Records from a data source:
>>

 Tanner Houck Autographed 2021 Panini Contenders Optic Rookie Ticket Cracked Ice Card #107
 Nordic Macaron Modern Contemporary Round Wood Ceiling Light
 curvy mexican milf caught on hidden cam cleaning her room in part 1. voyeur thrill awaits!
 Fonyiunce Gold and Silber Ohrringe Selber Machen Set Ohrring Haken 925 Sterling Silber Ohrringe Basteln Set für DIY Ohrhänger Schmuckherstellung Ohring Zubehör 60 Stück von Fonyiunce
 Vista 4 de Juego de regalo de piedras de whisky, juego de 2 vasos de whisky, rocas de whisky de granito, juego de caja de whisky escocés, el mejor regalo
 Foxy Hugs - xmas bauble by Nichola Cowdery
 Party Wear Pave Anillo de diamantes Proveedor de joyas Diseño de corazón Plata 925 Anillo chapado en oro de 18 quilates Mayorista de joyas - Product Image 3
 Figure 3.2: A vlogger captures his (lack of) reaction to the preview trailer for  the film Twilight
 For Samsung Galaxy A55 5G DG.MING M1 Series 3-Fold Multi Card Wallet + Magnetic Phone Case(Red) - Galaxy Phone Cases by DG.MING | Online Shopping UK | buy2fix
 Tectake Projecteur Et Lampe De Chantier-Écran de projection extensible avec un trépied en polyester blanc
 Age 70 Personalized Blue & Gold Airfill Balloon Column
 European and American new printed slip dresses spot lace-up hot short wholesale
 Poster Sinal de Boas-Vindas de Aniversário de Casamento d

<<

What the exercise asks:
Copy every line where the word "Card" is present in the entries above.

Exercise answer:
 Tanner Houck Autographed 2021 Panini Contenders Optic Rookie Ticket Cracked Ice Card #107
 For Samsung Galaxy A55 5G DG.MING M1 Series 3-Fold Multi Card Wallet + Magnetic Phone Case(Red) - Galaxy Phone Cases by DG.MING | Online Shopping UK | buy2fix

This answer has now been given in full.